Data extracted from a collection

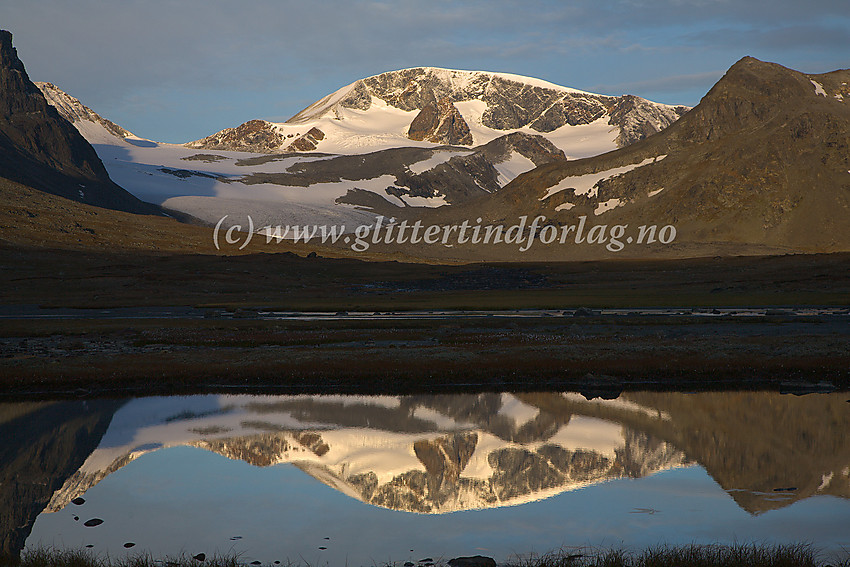 Morgenstemning i Veodalen mot Veobrean og Leirhøe (2330 moh).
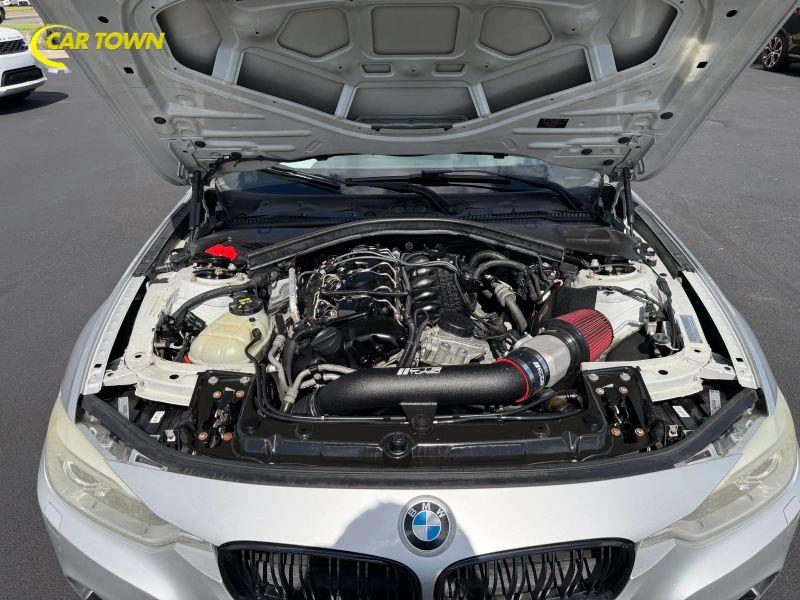 Vehicle photo 34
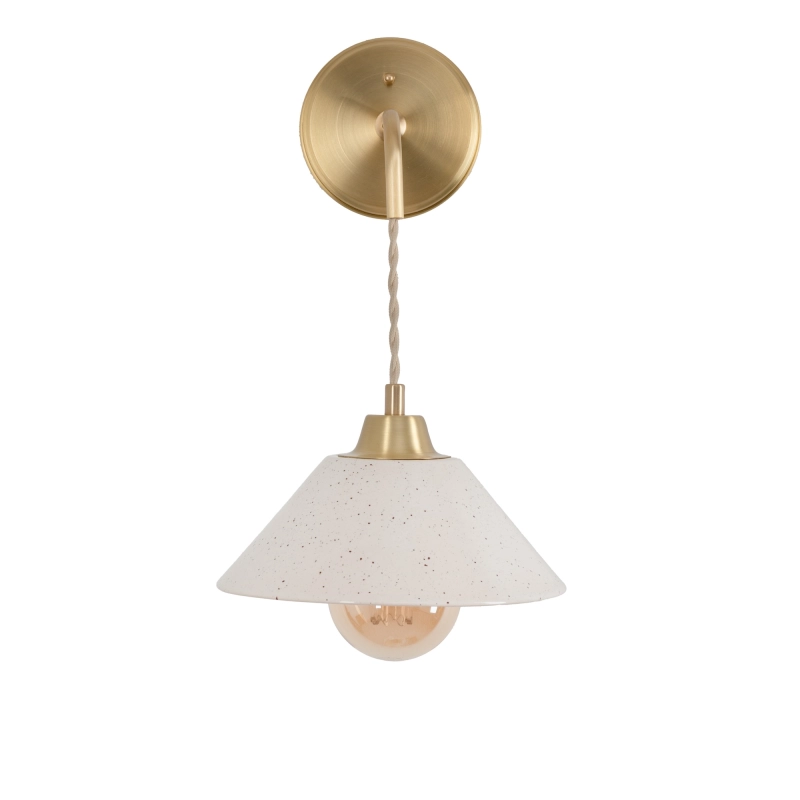 Mosiężny kinkiet z ceramicznym kloszem w kolorze złamanej bieli LUMO CLASSIC Ivory.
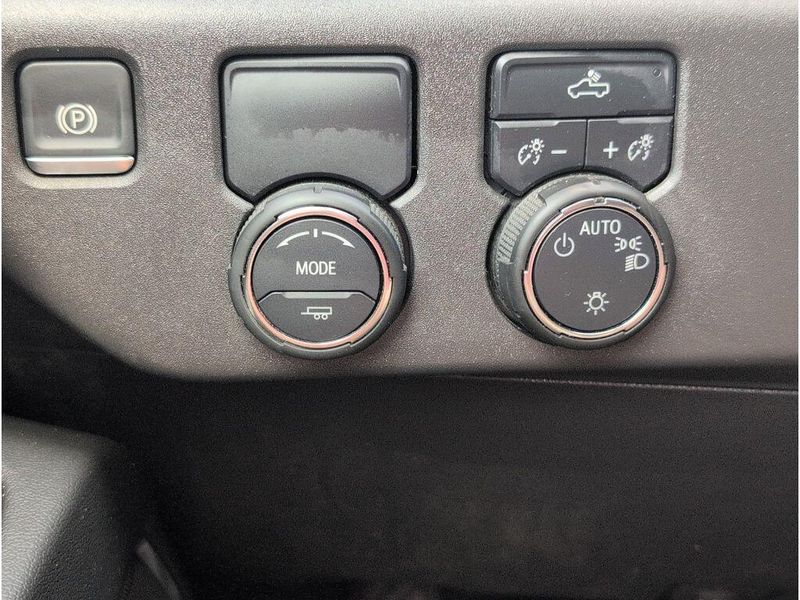 Used 2025 Chevrolet Silverado 1500 LTImage 27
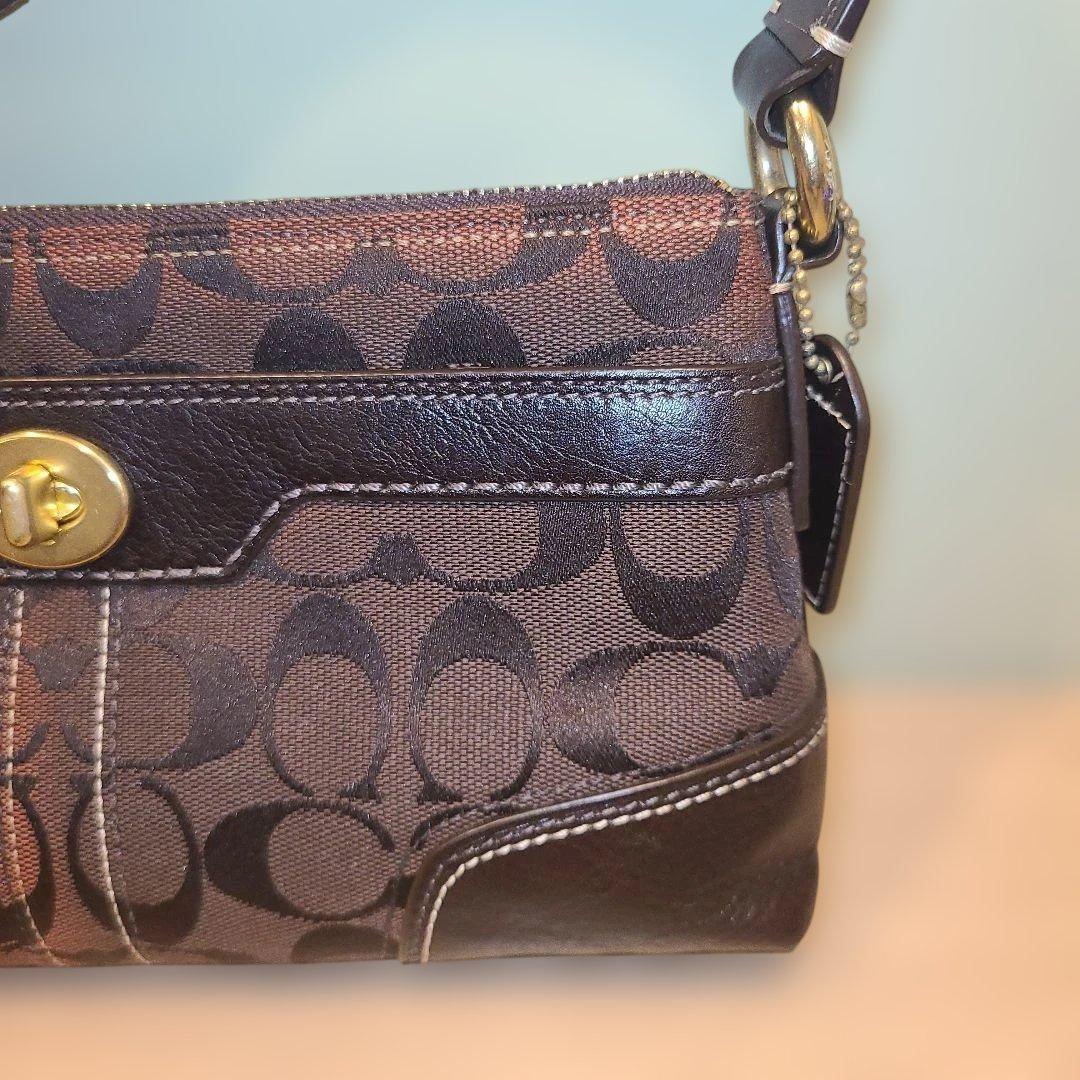 コーチ アクセサリーポーチ ワンショルダーバッグ シグネチャー ターンロック 茶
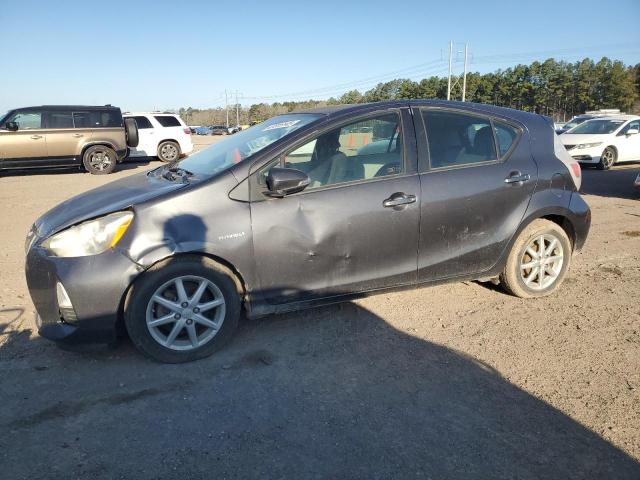 TOYOTA PRIUS C 2013 with VIN JTDKDTB35D1536335 - Photo from auction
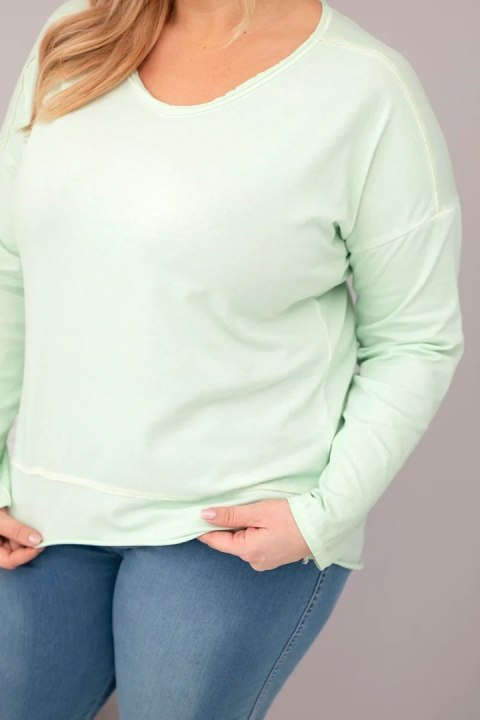 Bluzka damska Plus Size przecierana z dekoltem V i dłuższym tyłem miętowa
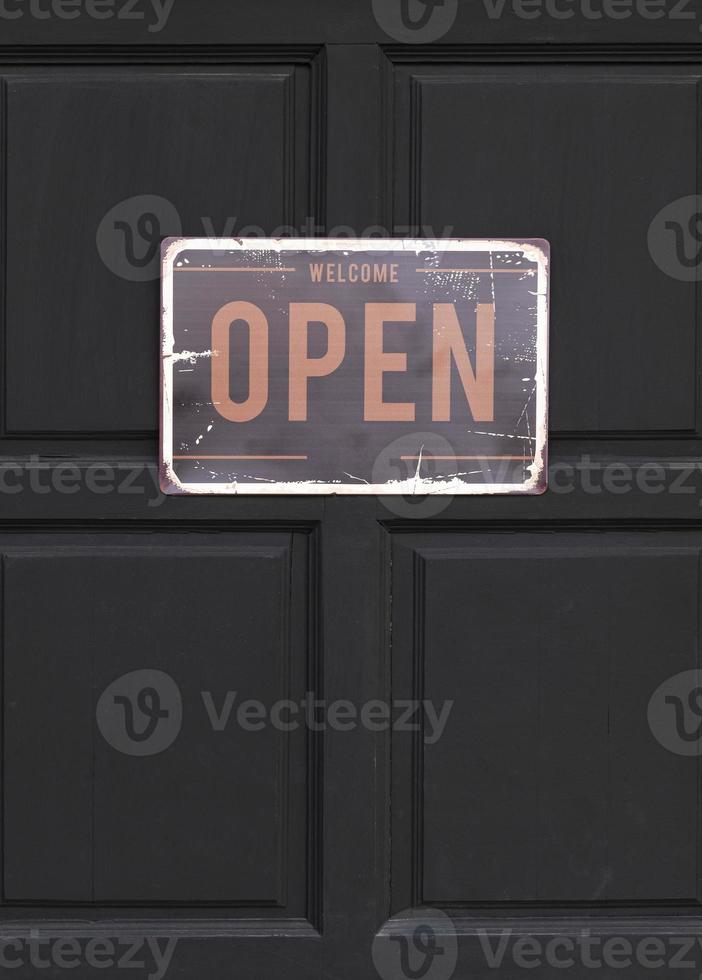 placa com mensagem bem-vinda aberto em Preto de madeira porta foto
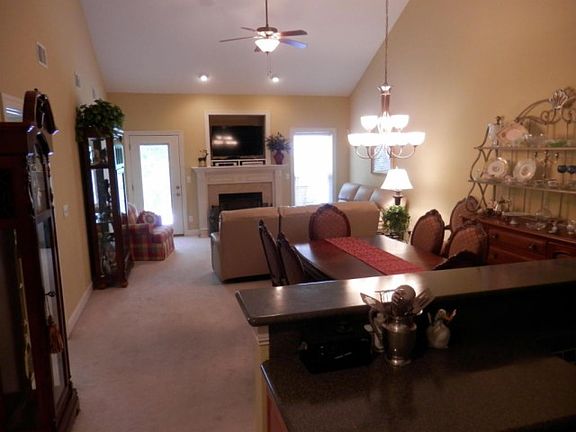 3rd image of 5422 Mandarin Cir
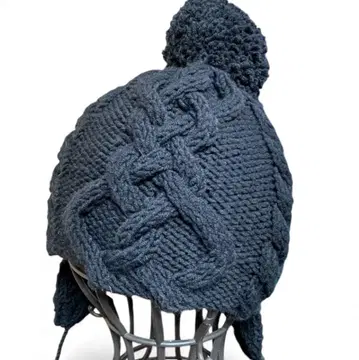 Sly 스라이 폼폼 포함 이어 플랩 니트 모자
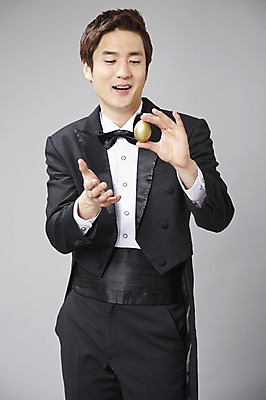 포토 JPG 스튜디오촬영 직업 남자 모션 회색배경 나비넥타이 실내 한명 서기 미소 웃음 들기 사람 정장 턱시도 20대 성인 앞모습 계란 한국인 마술 마술사 유머 괴짜 즐거움 코믹 황금알 성인남자한명만 국내포토 1 옷 감정 뷰포인트 백그라운드 컨셉 넥타이 표정 동양인 청년 내부 알 회색 남자한명만 성인남자만 파일형식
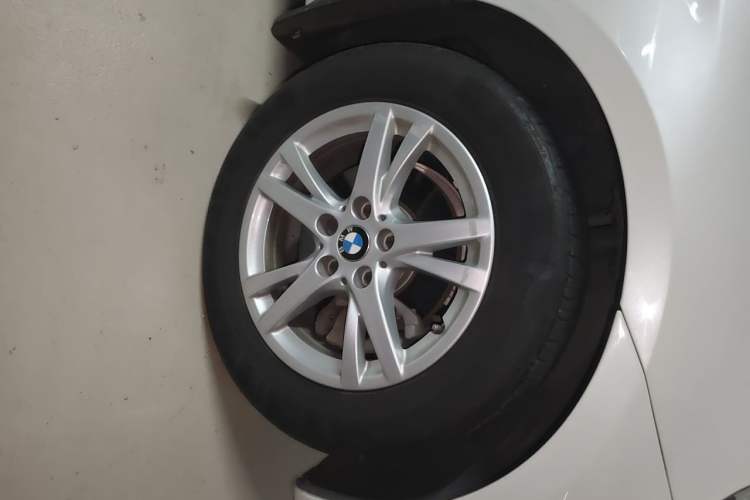 Used BMW 2 Series Active Tourer 2016 218i Leading Model Right Front Wheel Hub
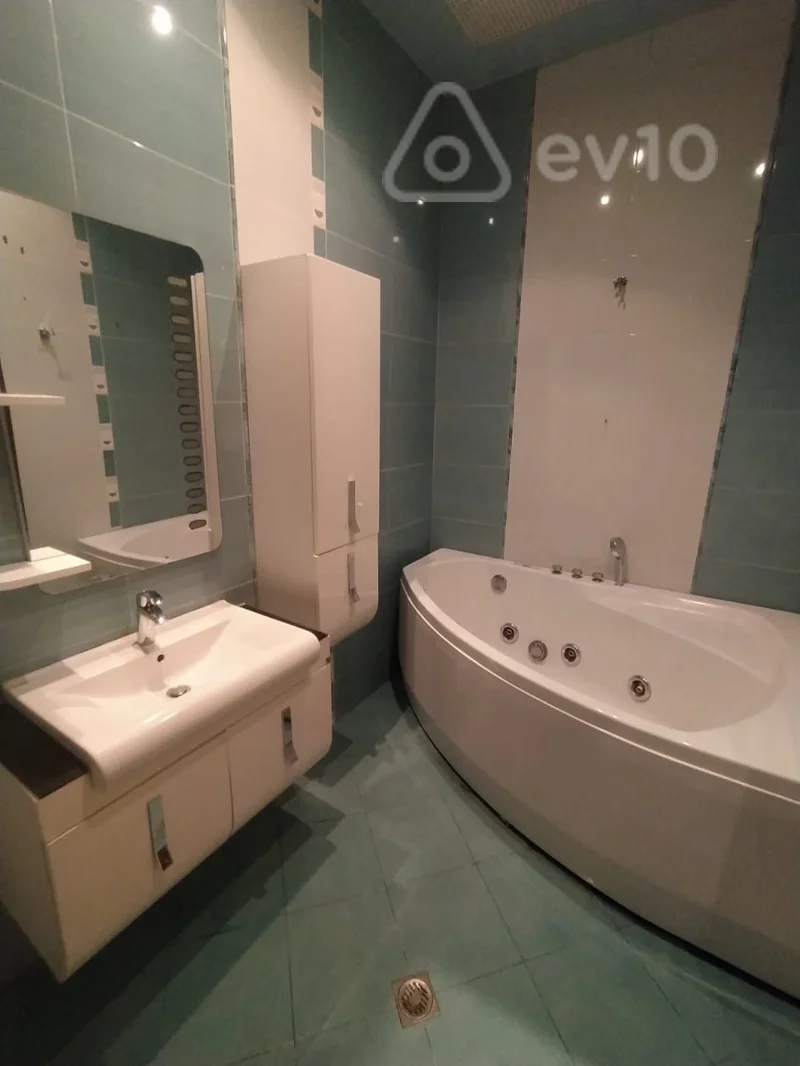5 otaqlı mənzil, 221 m², Bülbül pr. — kirayə — Mənzil, Bakı (8)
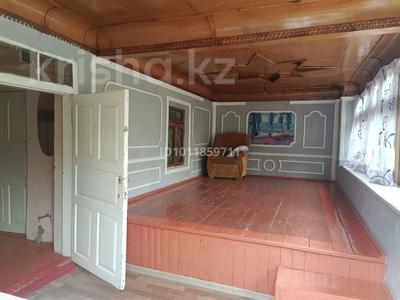 Отдельный дом · 5 комнат · 150 м² · 8 сот., ИсаұлыҚурал 31 — Центральное мечит ДКА парк за 70 000 ₸ в Сарыагаш
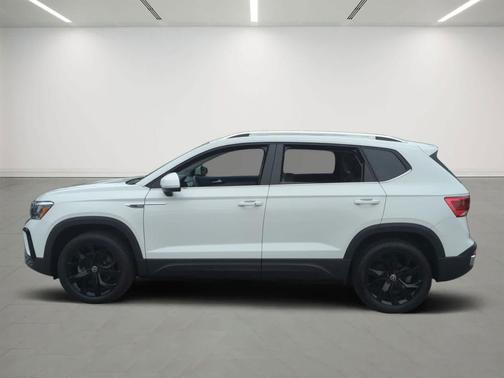 Pure White 2023 Volkswagen Taos 1.5T SE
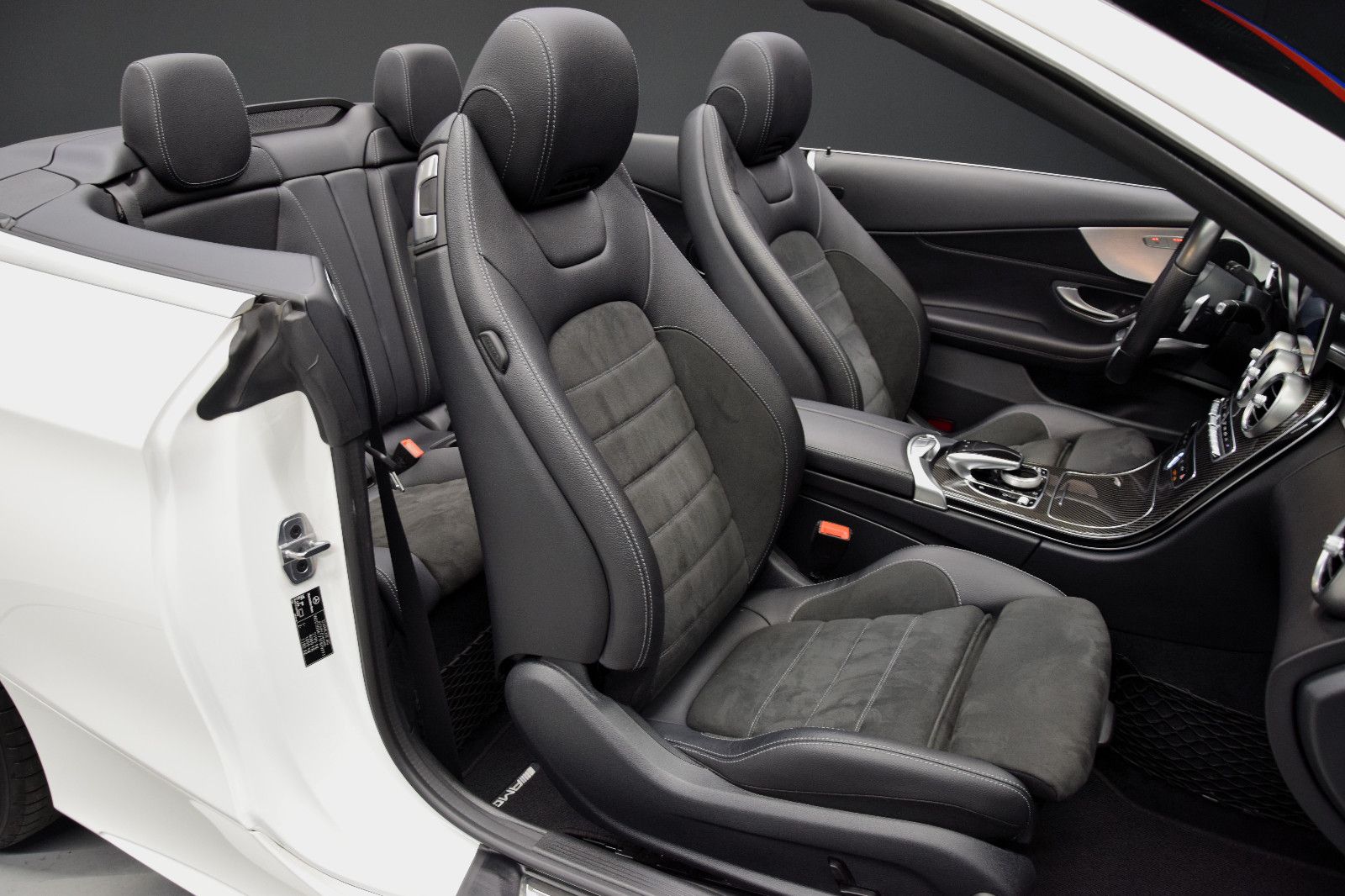 Fahrzeugabbildung Mercedes-Benz C 200 Cabrio 9G-TRONIC AMG-Line HuD Kamera LED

* _Problem description_
In the copy, keep every line of the data above exactly and drop each picture.

* _Solution_
 Morgenstemning i Veodalen mot Veobrean og Leirhøe (2330 moh).
 Vehicle photo 34
 Mosiężny kinkiet z ceramicznym kloszem w kolorze złamanej bieli LUMO CLASSIC Ivory.
 Used 2025 Chevrolet Silverado 1500 LTImage 27
 コーチ アクセサリーポーチ ワンショルダーバッグ シグネチャー ターンロック 茶
 TOYOTA PRIUS C 2013 with VIN JTDKDTB35D1536335 - Photo from auction
 Bluzka damska Plus Size przecierana z dekoltem V i dłuższym tyłem miętowa
 placa com mensagem bem-vinda aberto em Preto de madeira porta foto
 3rd image of 5422 Mandarin Cir
 Sly 스라이 폼폼 포함 이어 플랩 니트 모자
 포토 JPG 스튜디오촬영 직업 남자 모션 회색배경 나비넥타이 실내 한명 서기 미소 웃음 들기 사람 정장 턱시도 20대 성인 앞모습 계란 한국인 마술 마술사 유머 괴짜 즐거움 코믹 황금알 성인남자한명만 국내포토 1 옷 감정 뷰포인트 백그라운드 컨셉 넥타이 표정 동양인 청년 내부 알 회색 남자한명만 성인남자만 파일형식
 Used BMW 2 Series Active Tourer 2016 218i Leading Model Right Front Wheel Hub
5 otaqlı mənzil, 221 m², Bülbül pr. — kirayə — Mənzil, Bakı (8)
 Отдельный дом · 5 комнат · 150 м² · 8 сот., ИсаұлыҚурал 31 — Центральное мечит ДКА парк за 70 000 ₸ в Сарыагаш
 Pure White 2023 Volkswagen Taos 1.5T SE
 Fahrzeugabbildung Mercedes-Benz C 200 Cabrio 9G-TRONIC AMG-Line HuD Kamera LED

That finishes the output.